Task details - In the listing that follows, locate the line containing "White banner set" and the line containing "samurai experiencing enlightenment". Retype exactly those two lines and every line between them, and nothing more.

-- Data supplied follows --

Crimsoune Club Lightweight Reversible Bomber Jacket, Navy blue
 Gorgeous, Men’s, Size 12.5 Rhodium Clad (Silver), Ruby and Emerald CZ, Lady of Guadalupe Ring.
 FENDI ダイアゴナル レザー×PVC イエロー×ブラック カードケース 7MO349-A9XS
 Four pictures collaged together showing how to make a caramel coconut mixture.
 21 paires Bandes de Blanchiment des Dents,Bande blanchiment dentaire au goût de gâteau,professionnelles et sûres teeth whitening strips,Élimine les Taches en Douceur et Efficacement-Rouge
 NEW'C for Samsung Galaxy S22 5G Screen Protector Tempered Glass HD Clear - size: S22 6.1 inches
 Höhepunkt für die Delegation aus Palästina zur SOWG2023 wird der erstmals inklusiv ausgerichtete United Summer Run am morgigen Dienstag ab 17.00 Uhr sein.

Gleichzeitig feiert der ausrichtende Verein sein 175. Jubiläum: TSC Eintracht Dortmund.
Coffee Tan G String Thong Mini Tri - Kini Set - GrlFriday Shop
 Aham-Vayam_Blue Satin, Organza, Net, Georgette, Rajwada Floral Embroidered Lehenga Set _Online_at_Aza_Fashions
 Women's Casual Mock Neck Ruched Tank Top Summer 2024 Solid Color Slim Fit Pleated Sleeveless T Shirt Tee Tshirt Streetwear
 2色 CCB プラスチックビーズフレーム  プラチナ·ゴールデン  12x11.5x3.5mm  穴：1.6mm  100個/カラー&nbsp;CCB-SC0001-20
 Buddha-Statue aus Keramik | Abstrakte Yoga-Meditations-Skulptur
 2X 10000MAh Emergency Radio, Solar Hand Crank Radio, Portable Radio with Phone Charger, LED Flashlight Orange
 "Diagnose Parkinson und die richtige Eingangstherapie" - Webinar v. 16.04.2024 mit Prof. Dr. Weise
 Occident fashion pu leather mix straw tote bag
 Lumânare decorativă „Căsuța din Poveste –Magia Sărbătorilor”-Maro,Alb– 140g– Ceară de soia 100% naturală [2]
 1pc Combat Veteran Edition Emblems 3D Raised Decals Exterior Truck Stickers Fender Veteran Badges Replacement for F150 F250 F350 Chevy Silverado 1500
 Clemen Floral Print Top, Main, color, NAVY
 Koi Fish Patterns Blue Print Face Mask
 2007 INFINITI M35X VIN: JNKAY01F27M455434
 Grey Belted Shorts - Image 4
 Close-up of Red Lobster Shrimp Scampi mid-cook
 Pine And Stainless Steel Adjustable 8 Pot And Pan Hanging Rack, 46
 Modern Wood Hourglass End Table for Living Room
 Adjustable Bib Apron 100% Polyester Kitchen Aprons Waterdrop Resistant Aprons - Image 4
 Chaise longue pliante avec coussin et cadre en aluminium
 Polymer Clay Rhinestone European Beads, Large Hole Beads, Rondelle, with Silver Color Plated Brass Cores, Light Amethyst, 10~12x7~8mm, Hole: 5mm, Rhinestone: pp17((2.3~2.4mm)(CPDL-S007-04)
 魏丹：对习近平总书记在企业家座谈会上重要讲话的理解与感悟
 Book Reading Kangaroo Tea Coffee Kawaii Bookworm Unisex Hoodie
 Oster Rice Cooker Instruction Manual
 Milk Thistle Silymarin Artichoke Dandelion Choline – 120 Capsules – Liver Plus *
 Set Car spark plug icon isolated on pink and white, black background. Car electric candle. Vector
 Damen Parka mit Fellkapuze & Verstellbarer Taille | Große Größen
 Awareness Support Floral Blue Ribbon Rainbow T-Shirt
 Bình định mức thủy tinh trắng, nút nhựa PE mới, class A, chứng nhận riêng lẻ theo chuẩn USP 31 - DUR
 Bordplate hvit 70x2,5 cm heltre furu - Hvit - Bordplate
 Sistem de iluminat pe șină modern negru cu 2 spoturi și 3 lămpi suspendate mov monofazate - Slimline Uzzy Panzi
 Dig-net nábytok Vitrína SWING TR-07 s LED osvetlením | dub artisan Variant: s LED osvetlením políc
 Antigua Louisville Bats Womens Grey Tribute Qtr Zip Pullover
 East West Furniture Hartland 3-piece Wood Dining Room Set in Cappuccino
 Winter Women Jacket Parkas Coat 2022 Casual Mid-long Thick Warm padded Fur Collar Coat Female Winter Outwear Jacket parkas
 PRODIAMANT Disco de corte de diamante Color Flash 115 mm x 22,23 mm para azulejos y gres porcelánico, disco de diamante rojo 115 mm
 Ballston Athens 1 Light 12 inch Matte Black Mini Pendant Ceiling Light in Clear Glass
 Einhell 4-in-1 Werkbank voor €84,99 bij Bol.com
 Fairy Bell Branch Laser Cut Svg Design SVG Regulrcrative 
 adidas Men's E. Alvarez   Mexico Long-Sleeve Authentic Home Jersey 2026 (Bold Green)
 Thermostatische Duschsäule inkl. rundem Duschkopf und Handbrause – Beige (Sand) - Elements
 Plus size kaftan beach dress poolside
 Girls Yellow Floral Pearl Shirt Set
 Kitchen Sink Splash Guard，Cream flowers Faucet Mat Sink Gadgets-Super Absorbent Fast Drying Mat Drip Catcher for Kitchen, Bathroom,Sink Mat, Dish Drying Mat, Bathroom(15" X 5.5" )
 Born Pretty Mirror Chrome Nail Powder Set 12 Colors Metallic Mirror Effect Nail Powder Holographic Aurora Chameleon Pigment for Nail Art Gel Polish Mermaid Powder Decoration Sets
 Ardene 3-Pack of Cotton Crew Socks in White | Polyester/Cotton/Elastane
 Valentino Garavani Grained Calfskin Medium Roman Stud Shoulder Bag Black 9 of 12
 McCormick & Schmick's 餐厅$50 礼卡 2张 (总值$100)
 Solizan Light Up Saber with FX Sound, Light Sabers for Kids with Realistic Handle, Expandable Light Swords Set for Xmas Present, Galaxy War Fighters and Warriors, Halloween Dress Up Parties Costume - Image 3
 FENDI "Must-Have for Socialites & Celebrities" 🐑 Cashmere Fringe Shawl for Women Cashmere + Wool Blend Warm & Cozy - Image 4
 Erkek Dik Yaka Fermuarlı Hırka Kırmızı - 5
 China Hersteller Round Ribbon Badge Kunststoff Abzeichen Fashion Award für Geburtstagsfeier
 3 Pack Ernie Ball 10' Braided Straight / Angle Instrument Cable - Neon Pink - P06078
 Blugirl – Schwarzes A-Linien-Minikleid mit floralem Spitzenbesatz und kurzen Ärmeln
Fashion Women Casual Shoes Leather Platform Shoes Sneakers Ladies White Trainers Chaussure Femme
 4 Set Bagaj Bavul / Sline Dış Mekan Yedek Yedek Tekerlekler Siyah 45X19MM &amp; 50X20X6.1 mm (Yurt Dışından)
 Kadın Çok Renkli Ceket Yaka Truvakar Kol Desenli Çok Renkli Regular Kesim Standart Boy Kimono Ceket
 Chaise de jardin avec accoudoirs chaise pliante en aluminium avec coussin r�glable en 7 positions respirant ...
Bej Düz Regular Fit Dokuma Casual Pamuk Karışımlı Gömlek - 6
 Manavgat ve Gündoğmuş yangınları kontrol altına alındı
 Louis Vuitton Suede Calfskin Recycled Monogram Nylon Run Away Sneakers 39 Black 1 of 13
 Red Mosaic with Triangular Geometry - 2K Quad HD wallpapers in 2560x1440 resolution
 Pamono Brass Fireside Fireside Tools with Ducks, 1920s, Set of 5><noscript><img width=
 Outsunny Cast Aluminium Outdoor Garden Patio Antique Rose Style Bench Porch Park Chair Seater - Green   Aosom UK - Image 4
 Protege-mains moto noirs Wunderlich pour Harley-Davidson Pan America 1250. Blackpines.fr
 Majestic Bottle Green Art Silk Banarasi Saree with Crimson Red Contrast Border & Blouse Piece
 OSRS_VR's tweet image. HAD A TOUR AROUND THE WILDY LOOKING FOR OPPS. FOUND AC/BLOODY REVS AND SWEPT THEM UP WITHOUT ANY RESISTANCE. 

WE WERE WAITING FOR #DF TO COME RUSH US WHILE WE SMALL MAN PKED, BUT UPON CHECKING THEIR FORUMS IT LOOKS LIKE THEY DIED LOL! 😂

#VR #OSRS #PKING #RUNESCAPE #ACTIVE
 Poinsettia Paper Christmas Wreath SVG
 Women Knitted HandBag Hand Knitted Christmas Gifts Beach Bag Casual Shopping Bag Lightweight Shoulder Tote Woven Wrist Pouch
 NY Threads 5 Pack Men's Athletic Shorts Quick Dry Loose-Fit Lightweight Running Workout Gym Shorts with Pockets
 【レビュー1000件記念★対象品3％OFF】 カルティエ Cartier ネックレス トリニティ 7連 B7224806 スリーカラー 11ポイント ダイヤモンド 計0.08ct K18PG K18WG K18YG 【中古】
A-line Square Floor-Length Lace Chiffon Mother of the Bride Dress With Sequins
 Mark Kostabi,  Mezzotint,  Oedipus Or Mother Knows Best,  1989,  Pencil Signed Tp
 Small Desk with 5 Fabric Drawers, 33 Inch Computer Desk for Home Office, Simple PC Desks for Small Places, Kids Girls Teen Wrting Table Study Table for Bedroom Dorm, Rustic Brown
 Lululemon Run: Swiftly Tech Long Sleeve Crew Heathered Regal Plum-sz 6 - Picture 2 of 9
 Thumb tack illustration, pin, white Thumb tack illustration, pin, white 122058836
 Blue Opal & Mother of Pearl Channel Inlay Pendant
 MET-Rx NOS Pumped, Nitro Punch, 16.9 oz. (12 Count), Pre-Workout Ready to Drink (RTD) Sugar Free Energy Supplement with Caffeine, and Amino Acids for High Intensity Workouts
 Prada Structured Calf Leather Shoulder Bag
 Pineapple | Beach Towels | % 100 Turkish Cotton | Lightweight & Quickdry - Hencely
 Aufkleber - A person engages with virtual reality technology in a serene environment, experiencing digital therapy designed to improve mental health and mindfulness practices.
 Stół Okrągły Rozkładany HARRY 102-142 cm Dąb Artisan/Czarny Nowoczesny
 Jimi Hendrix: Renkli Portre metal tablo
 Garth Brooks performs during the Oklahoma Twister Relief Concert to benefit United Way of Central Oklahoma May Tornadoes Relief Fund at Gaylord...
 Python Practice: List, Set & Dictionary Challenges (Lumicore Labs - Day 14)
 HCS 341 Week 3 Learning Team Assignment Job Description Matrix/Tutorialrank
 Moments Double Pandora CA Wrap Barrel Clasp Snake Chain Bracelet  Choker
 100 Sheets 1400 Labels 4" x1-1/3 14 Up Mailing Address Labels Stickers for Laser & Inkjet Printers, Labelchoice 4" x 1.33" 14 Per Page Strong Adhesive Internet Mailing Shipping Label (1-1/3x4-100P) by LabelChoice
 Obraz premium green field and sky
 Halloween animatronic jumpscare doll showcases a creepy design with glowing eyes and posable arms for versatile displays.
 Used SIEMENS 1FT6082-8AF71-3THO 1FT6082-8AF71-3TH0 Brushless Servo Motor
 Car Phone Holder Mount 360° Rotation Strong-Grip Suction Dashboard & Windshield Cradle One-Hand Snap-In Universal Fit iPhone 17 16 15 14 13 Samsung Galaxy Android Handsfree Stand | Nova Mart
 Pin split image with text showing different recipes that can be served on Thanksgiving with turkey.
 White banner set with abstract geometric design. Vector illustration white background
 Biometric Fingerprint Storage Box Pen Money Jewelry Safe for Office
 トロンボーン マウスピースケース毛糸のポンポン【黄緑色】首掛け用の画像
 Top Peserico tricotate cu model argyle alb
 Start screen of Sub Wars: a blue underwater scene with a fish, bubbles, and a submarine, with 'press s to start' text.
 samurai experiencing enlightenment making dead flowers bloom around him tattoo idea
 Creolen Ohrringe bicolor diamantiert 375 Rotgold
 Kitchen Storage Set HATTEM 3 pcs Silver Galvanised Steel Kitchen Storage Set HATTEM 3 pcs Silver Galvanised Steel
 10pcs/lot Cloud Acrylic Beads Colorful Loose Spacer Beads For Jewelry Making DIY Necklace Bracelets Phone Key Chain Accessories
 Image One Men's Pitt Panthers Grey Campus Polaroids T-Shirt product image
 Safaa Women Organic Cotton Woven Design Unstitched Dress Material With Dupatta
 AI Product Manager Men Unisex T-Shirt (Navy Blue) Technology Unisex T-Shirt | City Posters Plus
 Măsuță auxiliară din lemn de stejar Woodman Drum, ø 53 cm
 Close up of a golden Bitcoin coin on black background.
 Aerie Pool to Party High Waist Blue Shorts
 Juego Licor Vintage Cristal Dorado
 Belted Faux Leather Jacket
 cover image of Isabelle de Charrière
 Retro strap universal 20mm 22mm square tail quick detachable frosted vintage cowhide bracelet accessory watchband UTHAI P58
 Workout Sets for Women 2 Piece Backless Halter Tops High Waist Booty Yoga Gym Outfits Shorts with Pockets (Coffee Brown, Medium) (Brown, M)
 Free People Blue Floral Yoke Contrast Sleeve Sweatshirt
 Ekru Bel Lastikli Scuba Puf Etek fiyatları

-- Data supplied concluded --

Answer for the task -
 White banner set with abstract geometric design. Vector illustration white background
 Biometric Fingerprint Storage Box Pen Money Jewelry Safe for Office
 トロンボーン マウスピースケース毛糸のポンポン【黄緑色】首掛け用の画像
 Top Peserico tricotate cu model argyle alb
 Start screen of Sub Wars: a blue underwater scene with a fish, bubbles, and a submarine, with 'press s to start' text.
 samurai experiencing enlightenment making dead flowers bloom around him tattoo idea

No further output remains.